Dr. Potts was the author of a number of books — not only practical textbooks on contraception, but also quirkier fare, including 'Queen Victoria's Gene: Haemophilia and the Royal Family' (1995), written with his brother William, which suggested that Queen Victoria had been illegitimate. They noted that none of her ancestors had possessed the genetic mutation for hemophilia, which she famously passed along to royalty throughout Europe. Therefore, they argued, her father could not have been Prince Edward.

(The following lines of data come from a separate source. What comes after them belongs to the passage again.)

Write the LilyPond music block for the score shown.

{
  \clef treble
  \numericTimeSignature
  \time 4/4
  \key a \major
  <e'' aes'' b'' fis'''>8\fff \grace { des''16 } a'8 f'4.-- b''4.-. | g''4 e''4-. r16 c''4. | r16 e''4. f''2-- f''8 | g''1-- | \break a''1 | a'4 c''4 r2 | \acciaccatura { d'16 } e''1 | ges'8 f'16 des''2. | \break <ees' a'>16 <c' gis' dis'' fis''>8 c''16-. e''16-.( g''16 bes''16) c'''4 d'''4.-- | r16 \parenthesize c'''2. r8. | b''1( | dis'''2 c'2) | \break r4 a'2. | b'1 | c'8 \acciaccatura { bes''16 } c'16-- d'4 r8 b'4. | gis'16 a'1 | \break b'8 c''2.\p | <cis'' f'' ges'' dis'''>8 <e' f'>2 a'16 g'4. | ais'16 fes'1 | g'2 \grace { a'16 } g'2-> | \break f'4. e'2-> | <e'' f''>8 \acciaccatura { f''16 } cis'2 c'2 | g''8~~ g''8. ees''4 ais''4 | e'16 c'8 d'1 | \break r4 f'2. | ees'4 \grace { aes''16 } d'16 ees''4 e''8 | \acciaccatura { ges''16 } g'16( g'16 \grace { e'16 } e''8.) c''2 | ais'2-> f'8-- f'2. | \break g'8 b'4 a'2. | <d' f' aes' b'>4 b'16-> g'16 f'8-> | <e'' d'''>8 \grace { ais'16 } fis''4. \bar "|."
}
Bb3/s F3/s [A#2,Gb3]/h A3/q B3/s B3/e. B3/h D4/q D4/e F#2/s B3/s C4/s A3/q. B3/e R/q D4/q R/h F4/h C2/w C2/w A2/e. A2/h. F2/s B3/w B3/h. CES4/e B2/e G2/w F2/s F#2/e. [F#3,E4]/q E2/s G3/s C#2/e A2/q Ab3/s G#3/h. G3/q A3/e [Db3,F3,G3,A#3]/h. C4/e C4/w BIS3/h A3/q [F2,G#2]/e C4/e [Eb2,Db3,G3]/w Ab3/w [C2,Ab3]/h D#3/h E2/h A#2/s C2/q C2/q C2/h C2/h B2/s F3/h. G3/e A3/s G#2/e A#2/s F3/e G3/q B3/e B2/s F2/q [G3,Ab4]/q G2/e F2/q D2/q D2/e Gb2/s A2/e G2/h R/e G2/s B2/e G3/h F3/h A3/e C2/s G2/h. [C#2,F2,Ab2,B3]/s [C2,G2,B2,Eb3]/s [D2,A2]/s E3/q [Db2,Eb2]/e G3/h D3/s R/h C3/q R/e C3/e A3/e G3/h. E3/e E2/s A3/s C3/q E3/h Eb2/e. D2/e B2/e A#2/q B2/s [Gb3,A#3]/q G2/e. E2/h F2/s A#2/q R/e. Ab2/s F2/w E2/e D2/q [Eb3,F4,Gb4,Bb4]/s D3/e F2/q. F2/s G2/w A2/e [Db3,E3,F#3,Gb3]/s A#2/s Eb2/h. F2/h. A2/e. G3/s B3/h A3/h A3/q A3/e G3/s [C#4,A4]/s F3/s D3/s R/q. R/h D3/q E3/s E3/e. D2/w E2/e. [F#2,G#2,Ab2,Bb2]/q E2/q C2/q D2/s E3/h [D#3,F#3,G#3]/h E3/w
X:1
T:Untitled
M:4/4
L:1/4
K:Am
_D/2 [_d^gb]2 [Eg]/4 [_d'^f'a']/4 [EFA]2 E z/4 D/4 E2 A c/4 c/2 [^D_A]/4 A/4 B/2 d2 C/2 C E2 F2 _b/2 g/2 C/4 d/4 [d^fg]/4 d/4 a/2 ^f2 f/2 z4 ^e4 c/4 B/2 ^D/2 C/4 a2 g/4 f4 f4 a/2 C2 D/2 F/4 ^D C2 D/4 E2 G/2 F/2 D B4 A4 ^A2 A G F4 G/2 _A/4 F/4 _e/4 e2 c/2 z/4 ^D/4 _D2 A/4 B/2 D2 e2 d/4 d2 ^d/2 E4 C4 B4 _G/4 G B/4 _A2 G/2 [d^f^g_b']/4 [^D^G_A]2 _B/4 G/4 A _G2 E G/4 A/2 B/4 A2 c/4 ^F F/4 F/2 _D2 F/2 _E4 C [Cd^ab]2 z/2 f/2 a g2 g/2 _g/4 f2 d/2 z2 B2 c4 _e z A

When the book came out, Dr. Potts told The Sunday Times of London that he thought Queen Victoria's body should be exhumed for DNA testing to settle the matter. A spokesman for the royal family responded, 'I don't think there's been any attempt ever to dig up members of the royal family.'
'Sex and War: How Biology Explains Warfare and Terrorism and Offers a Path to a Safer World' (2008), which Dr. Potts wrote with Thomas Hayden, a journalist, explored what they called the male predisposition to team aggression, tracing it from prehistory and primatology to current horrors.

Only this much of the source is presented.